--- Aim of the task ---
In the entries below, find the line with "Kitchen Island Photo" and the line with "veste-en-denim-a-motif-abstrait-noir". Reproduce those two lines and every line between them exactly, and nothing more.

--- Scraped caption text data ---
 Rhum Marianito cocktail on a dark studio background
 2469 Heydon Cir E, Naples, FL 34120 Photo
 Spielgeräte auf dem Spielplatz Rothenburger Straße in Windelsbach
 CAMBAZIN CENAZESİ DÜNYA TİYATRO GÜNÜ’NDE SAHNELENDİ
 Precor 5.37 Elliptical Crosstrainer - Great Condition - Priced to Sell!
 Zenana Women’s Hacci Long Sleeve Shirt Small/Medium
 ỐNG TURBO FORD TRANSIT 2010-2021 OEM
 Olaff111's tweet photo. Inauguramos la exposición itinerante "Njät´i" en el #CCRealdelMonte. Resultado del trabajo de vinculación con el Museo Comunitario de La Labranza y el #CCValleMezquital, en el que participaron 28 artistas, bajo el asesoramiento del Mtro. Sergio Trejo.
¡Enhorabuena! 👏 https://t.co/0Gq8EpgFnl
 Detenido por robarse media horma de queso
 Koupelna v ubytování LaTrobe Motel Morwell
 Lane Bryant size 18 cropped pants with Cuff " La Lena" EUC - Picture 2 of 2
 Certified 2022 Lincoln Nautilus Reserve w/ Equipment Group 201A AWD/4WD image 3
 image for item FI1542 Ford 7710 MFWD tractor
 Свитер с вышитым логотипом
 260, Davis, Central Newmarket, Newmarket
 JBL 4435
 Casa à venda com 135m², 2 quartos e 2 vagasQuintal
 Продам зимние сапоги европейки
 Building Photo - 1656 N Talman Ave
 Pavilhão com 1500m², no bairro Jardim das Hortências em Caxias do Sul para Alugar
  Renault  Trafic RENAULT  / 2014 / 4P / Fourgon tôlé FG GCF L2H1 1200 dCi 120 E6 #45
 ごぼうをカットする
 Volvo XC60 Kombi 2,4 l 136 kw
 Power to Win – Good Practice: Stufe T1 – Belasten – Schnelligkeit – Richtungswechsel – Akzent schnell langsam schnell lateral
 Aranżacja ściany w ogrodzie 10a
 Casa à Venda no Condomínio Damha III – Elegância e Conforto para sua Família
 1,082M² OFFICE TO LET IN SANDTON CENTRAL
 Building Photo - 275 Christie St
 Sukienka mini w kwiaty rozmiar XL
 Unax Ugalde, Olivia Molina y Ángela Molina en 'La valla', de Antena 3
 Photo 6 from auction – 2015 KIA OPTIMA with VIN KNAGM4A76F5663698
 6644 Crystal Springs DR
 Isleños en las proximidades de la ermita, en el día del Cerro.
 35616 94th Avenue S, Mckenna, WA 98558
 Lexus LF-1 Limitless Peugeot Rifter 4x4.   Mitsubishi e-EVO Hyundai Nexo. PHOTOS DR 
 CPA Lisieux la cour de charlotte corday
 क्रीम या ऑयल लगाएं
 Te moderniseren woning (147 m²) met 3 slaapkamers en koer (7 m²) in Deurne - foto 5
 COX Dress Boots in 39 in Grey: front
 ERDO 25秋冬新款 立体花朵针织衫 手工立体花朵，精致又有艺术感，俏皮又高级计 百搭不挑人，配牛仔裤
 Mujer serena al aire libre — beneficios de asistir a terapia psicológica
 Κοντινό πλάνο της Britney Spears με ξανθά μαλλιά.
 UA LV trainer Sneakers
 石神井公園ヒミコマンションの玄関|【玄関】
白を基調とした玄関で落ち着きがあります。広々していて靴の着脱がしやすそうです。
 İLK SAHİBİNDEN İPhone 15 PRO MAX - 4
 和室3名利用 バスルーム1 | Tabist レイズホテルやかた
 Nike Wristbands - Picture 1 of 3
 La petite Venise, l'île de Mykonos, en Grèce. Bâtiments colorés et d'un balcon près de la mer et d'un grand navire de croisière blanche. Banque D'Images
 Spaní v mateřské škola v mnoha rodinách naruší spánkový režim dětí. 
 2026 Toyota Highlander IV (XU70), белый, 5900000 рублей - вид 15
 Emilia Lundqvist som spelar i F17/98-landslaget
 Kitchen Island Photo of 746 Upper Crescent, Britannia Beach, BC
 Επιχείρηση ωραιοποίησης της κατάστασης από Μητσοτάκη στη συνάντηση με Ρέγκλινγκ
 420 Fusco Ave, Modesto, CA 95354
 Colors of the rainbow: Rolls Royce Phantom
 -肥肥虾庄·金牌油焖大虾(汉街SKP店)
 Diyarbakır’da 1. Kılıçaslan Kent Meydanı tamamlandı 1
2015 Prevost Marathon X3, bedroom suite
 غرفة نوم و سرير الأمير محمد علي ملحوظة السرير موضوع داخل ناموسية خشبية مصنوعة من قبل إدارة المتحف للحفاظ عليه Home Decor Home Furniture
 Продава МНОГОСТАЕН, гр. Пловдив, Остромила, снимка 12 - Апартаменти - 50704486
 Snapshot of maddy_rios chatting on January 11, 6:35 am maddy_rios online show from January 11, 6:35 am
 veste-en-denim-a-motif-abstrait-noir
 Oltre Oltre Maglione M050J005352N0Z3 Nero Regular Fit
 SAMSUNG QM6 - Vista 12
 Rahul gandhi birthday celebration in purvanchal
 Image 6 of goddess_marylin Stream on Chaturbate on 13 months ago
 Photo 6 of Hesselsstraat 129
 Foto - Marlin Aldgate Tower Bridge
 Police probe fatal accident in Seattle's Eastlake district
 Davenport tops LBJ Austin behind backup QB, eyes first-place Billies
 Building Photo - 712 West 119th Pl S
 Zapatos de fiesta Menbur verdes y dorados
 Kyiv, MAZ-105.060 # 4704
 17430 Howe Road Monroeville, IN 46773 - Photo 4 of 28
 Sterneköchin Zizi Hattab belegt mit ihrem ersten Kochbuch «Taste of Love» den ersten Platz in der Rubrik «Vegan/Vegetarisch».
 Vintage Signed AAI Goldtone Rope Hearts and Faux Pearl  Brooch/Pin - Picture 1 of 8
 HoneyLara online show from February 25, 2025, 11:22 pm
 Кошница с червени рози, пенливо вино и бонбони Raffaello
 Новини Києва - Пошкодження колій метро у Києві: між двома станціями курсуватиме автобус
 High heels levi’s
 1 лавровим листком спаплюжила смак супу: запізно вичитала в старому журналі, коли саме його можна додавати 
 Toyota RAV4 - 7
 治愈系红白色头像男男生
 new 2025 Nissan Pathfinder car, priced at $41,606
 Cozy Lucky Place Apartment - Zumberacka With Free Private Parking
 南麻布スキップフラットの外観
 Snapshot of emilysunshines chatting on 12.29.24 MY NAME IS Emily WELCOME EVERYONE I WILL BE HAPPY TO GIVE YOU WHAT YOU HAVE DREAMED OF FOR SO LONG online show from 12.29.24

--- Problem solution ---
 Kitchen Island Photo of 746 Upper Crescent, Britannia Beach, BC
 Επιχείρηση ωραιοποίησης της κατάστασης από Μητσοτάκη στη συνάντηση με Ρέγκλινγκ
 420 Fusco Ave, Modesto, CA 95354
 Colors of the rainbow: Rolls Royce Phantom
 -肥肥虾庄·金牌油焖大虾(汉街SKP店)
 Diyarbakır’da 1. Kılıçaslan Kent Meydanı tamamlandı 1
2015 Prevost Marathon X3, bedroom suite
 غرفة نوم و سرير الأمير محمد علي ملحوظة السرير موضوع داخل ناموسية خشبية مصنوعة من قبل إدارة المتحف للحفاظ عليه Home Decor Home Furniture
 Продава МНОГОСТАЕН, гр. Пловдив, Остромила, снимка 12 - Апартаменти - 50704486
 Snapshot of maddy_rios chatting on January 11, 6:35 am maddy_rios online show from January 11, 6:35 am
 veste-en-denim-a-motif-abstrait-noir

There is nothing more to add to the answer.